**EXERCISE DIRECTIONS**. Across the entries that follow, count the lines with the string "dilution" and reply with that count alone.

**MATERIAL TO PROCESS**.
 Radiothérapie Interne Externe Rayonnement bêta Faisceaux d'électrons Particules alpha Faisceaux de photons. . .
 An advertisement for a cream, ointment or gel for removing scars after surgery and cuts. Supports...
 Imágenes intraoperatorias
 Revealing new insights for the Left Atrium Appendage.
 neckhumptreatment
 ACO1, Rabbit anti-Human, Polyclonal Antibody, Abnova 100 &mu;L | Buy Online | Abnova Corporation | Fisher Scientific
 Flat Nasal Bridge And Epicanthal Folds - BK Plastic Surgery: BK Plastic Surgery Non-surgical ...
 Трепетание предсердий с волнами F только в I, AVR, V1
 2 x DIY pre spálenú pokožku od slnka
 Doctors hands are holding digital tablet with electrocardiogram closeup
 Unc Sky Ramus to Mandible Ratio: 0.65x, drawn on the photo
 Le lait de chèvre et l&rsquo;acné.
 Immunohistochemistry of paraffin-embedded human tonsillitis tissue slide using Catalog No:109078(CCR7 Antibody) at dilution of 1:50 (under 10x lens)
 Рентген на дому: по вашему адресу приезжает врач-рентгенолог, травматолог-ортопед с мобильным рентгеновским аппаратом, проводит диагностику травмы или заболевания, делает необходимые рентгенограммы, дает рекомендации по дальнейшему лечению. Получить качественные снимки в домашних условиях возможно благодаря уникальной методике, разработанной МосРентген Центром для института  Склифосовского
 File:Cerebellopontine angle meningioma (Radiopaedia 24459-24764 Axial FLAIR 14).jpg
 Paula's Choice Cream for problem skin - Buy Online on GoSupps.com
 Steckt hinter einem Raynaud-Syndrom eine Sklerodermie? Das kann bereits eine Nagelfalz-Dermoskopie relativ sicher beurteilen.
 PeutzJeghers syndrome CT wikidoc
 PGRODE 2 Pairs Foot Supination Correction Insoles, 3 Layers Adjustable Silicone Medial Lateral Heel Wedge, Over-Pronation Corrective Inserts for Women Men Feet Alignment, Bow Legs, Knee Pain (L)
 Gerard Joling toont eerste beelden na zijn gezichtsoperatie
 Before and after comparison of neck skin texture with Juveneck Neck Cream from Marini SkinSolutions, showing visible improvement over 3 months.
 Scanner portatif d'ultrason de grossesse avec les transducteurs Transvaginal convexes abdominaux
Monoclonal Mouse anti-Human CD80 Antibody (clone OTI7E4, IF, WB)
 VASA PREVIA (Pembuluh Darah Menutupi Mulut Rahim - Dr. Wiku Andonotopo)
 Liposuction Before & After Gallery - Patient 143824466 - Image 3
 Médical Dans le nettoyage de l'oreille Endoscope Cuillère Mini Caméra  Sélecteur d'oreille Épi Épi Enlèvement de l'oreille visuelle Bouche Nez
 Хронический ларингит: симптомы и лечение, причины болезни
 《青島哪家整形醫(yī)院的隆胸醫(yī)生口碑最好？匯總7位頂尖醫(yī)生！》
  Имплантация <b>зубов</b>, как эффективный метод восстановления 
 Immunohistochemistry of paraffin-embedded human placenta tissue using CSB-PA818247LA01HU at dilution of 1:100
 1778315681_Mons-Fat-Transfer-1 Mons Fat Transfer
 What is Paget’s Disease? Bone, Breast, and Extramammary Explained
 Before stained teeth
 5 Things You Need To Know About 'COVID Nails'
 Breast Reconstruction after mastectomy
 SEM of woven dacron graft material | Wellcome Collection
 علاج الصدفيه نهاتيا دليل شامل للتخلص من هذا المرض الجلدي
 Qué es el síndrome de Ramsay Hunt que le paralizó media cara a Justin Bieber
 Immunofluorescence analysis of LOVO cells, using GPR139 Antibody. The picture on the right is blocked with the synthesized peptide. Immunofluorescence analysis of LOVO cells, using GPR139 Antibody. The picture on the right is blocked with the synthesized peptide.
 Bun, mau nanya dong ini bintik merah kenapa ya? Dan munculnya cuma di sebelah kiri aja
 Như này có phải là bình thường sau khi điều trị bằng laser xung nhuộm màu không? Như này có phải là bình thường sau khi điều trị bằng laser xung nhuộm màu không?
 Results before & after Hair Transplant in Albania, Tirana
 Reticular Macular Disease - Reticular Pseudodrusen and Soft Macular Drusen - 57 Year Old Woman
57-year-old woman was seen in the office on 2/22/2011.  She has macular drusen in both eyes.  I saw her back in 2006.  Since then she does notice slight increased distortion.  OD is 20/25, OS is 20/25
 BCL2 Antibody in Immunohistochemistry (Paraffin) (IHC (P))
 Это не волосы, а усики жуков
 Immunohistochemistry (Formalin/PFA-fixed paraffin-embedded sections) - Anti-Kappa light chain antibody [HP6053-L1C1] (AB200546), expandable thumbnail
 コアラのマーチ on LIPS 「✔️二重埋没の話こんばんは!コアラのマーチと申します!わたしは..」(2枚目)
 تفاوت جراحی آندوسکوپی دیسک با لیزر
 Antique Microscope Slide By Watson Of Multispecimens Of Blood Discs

**RESPONSE TO THIS TASK**. 2